# Correlations, power spectra (and my favorite mathematical physics joke)

Consider a pair of time dependent signals or stochastic (random) processes like the two shown in the figure below. They could be fluctuations in the current in a circuit, or the velocity or position a small (Brownian) particle subject to thermal fluctuations, or the deflection of your ear drum as you listen to this lecture, or... As you can see, this is a problem that arises in every corner of science and engineering. In fact, these two tracels are the angular deflection of a *tiny* mirror suspended ffrom a very thin wire. (**Discuss**)

![stochastic signals](./two_signals.png)

Are these signals random? Partially random and partially predictable? How do we know? What sort of mathematical analysis can answer this question?

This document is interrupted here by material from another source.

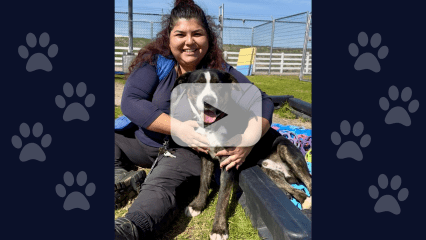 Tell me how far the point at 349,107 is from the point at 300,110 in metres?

The answer is provided by a *correlation function.* Let the signal of interest be denoted $x$. The time-correlation (or "auto-correlation") is defined as:

$$C_x(t,t^\prime) = \langle x(t)x(t^\prime)\rangle$$

The angle brackets mean "average," which is required when we are dealing with observables that have both randomness and some inherent structure. (**Why?**) The average could be a
* Ensemble average: Repeat the measurement (or simulation) many times, and then average over multiple realizations
* Time average: Collect data for a long time, and treat different $(t,t^{\prime})$ pairs as independent. 

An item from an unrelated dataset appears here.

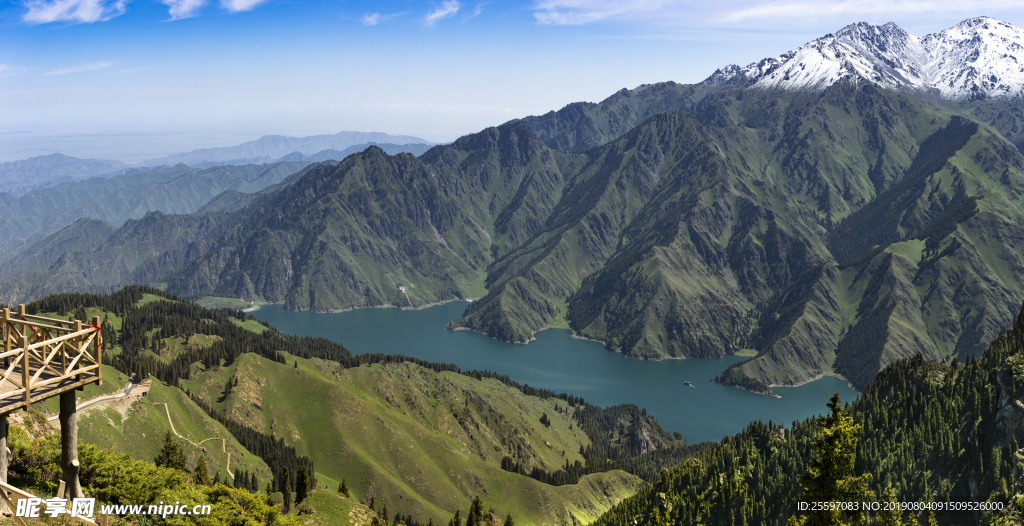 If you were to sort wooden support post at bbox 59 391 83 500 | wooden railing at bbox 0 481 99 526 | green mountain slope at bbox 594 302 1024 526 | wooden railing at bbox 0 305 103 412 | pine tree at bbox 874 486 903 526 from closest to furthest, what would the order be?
wooden railing at bbox 0 305 103 412 → wooden railing at bbox 0 481 99 526 → wooden support post at bbox 59 391 83 500 → pine tree at bbox 874 486 903 526 → green mountain slope at bbox 594 302 1024 526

**Time translation invariance** Here, we will consider (usually?) processes which are *ergodic.* **Question:** What does ergodic mean? 

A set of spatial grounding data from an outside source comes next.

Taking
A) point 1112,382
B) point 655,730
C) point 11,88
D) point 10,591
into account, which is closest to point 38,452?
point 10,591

* When a signal is invariant under translation in time, $C_x(t,t^\prime)$ can only depend on the difference $(t-t^\prime)$, which is often referred to as the "lag time". We can also pick $t^\prime = 0$, and write $C_x(t) = \langle x(t)x(0)\rangle$.
* It is common to subtract off the average value of $x$ if it is not zero:

$$\begin{align}
C_x(t) & = \langle \left( x(t) - \langle x\rangle\right) \left( x(0) - \langle x\rangle\right)\rangle\\
 & = \langle x(t)x(0) \rangle - \langle x \rangle^2
\end{align}$$

You can think of this correlation function (when we are in discretized time, as we always are in the computer) as a *covariance matrix*, constrained by symmetry across the diagonal, positivity of the eigenvalues, and time-translation invariance. 

The time correlation function contains information about the "memory" of a signal, that is, how likely it is to return some time later to the same value. Often, given a signal of interest (or some data from a simulation), we might try and compute $C(t)$ directly in the time domain, and then see if it fits some simple model, like an exponential decay. In that case, the time constant of the exponential decay tells you how long it takes, on average, for the signal to "forget" where it was at an earlier time. 

**Question:** How do you expect a completely random signal to be correlated with itself? What about a periodic function like a sine wave?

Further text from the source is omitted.